Although complexity has a negative connotation, it has both good and bad facets. Bureaucratic processes that slow down decision-making, create internal power plays, and add “busyness” to an organization are bad complexity. Anything that boosts the top or bottom line and creates alignment, energy, and focus is good complexity. Strategic incumbents systematically eliminate bad complexity and effectively increase good complexity—often by approaching a wide set of customer needs in ways that smaller competitors can’t replicate.
For an example of value-adding complexity, consider Hindustan Unilever Limited (HUL), the Indian subsidiary of Unilever, the Anglo-Dutch multinational. When Sanjiv Mehta became the CEO of the then 80-year-old organization, in 2013, he challenged the internal sentiment that there was little room for the largest fast-moving consumer goods (FMCG) player in the country to grow.
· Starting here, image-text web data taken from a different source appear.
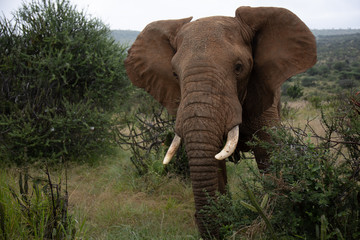 Fototapeta na wymiar Large Bull Elephant in Kenya, Africa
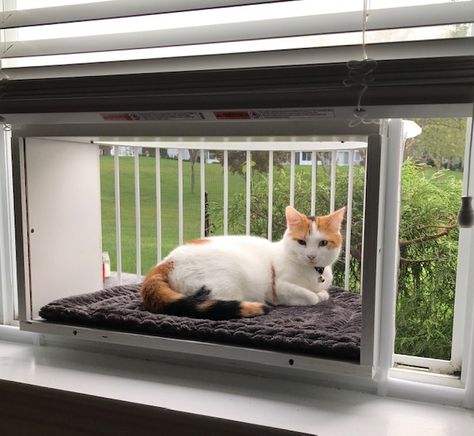 Let your indoor cat outside safely. Cat Solarium is the open-air feline sunroom with a panoramic view. Cat Solarium, Rv Cat, Cat Outside, Now Aesthetic, Cat Space, Pet Room, Chat Diy, Cats Outside, Eleanor Rigby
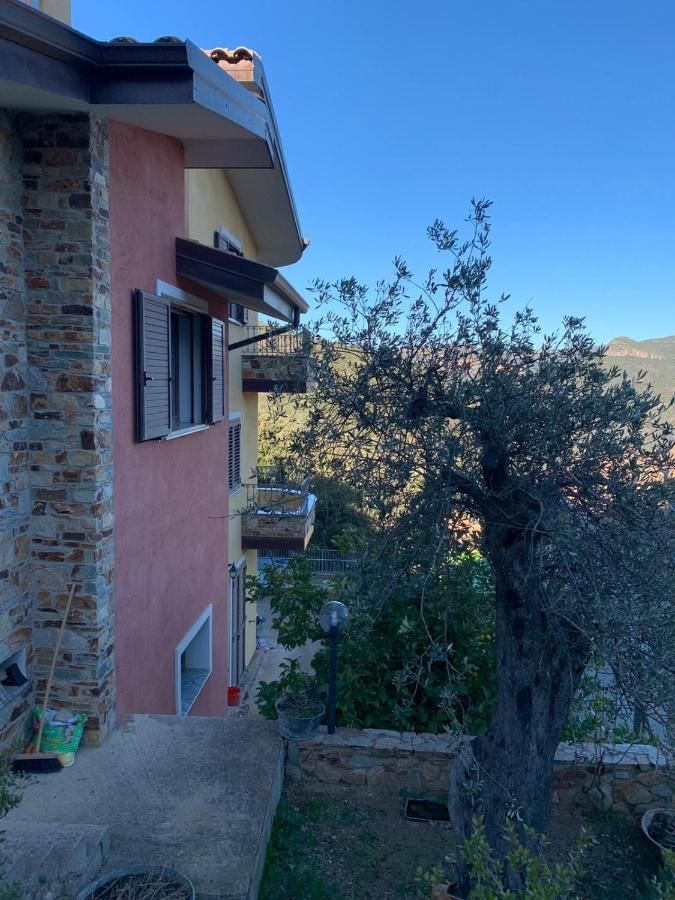 Bed and Breakfast Il Vecchio Ulivo Sa Tanca Ussàssai Exteriér fotografie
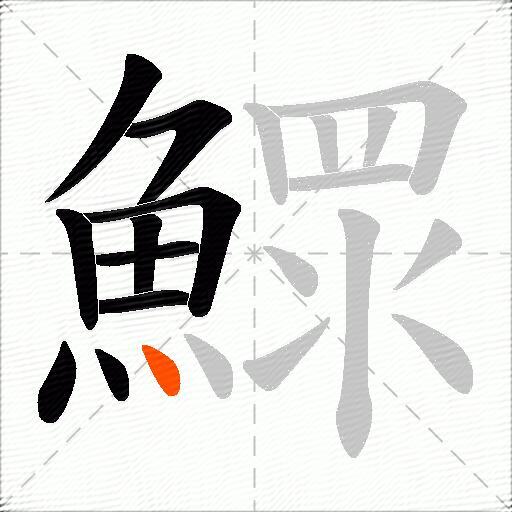 鰥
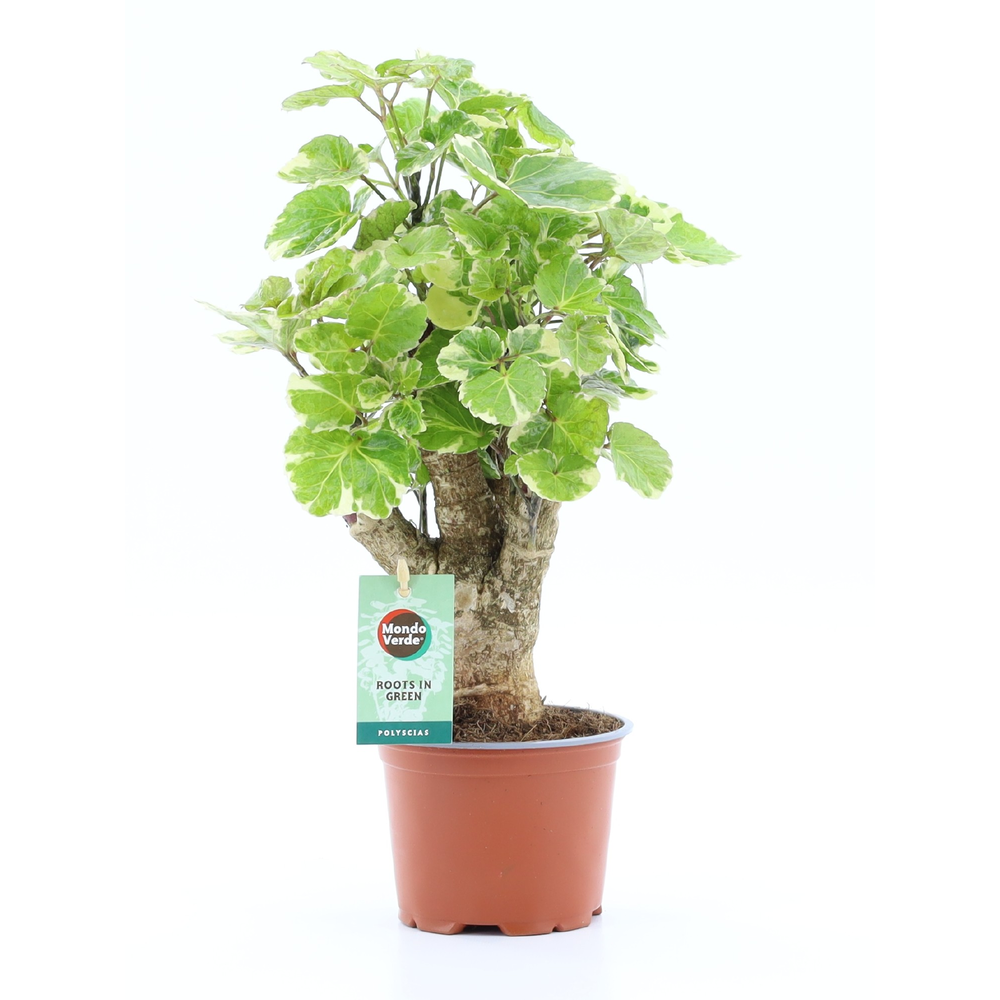 Polyscias Balfouriana.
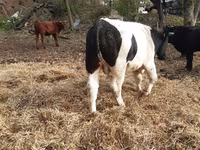 Toro, Aberdeen Angus — foto 6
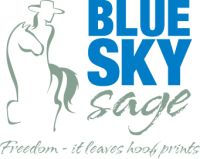 Blue sky sage horseback adventures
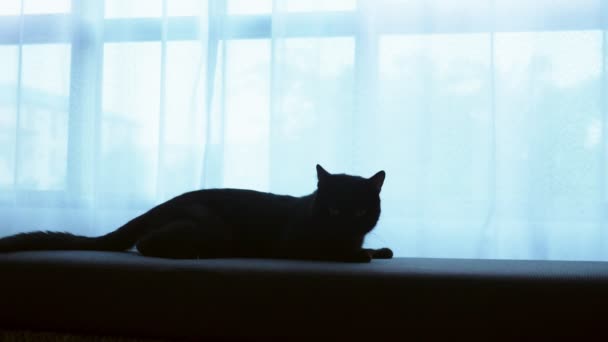 Um gato preto está deitado em um otomano contra o fundo de uma grande janela com cortinas transparentes — Vídeo de Stock
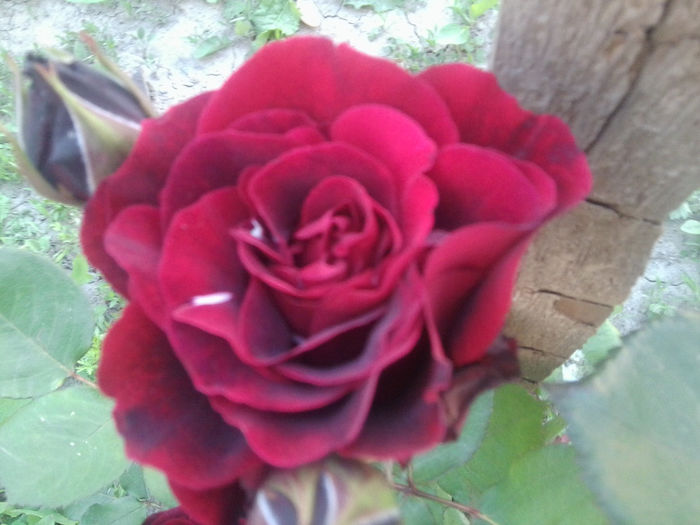 Fotografie0879 - roze2014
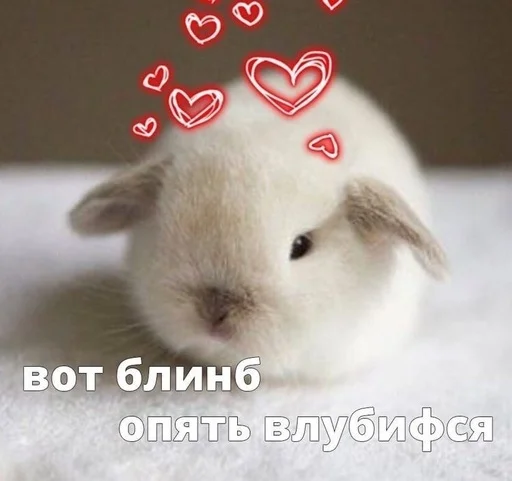 🥰 Стикер «RABBITS» для Telegram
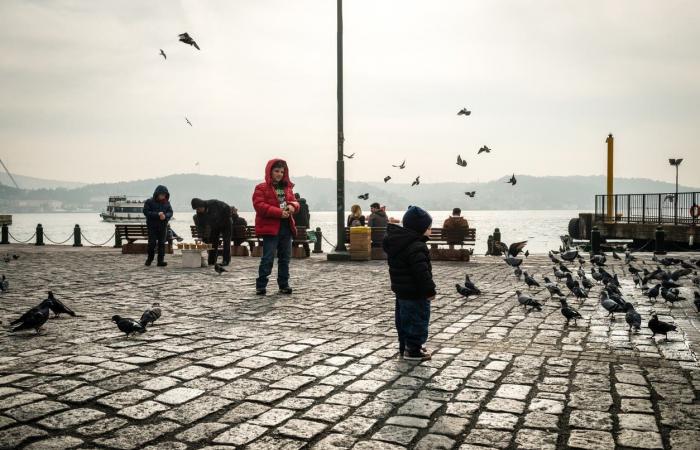 عبر "إنستغرام".. المهاجرون الأفغان يثيرون الجدل في تركيا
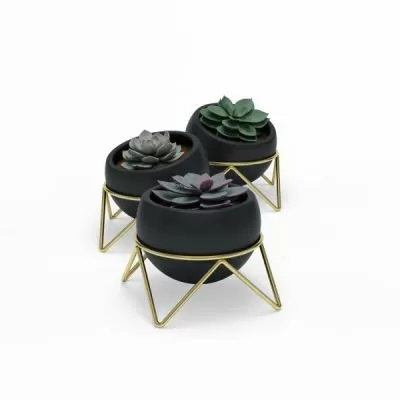 UMBRA POTSY 3 PACK PLANTER BLK/BRS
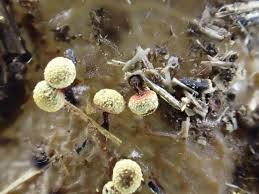 Attēlu rezultāti vaicājumam “Physarum oblatum”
To counter that viewpoint, he asked a simple question: “What is the identity of the Indian consumer?”
There was no single answer for a country of more than a billion people, where language, culture, taste, and preferences change every few hundred kilometers. Instead of approaching India as a monolith, Mehta and his team devised a strategy called “Winning in Many Indias.” First they divided the country into 14 consumer clusters based on consumption patterns and stage of economic development. Then they identified ways to use localization to drive growth—not only by adapting products for local tastes but also by using different distribution and supply chain strategies in different regions. To improve his organization’s agility, Mehta set up 15 country category business teams, such as home care, laundry, hair care, skin care, naturals, and food. Each team was independently run by a mini board and headed by a general manager with a mandate to deliver on the P&L.
This decentralized organization helped HUL invest resources where it would obtain the highest returns by catering to regional needs and tastes. For example, HUL used the consumer insights mined from the regions to make and sell different kinds of tea blends and create beauty products with a wider range of pigments suited to local skin tones. The complexity of the strategy was illustrated by a 14-by-15 matrix in which each cell represented an approach to marketing a category within one of India’s distinctive local markets. HUL’s size and resources—its incumbency—allowed it to tackle a broad variety of approaches at once. No start-up could hope to localize so many products for so many regions.
Incumbents often look with envy at agile new entrants that don’t have to contend with the burden of legacy systems. But in doing so, they fail to recognize their own edge.
How many leadership teams would have dared to undertake a structural change of such magnitude—in a successful company at that? For Mehta, the only way to launch HUL on its next growth trajectory was to align the company’s operating structure with the heterogeneity of the country. He explained to investors, “It [the new structure] added complexity to the business, but it is like good cholesterol—it’s a complexity which we welcome, and it’s a complexity which we manage.” HUL’s efforts led to 41% revenue growth from 2013 to 2019, a doubling of pretax profits, and consistent margin improvements. Investors rewarded the company: In October 2019, HUL’s market capitalization of $60 billion made it one of the most valuable FMCG companies in the world, ahead of Colgate-Palmolive, Kraft Heinz, and Reckitt Benckiser.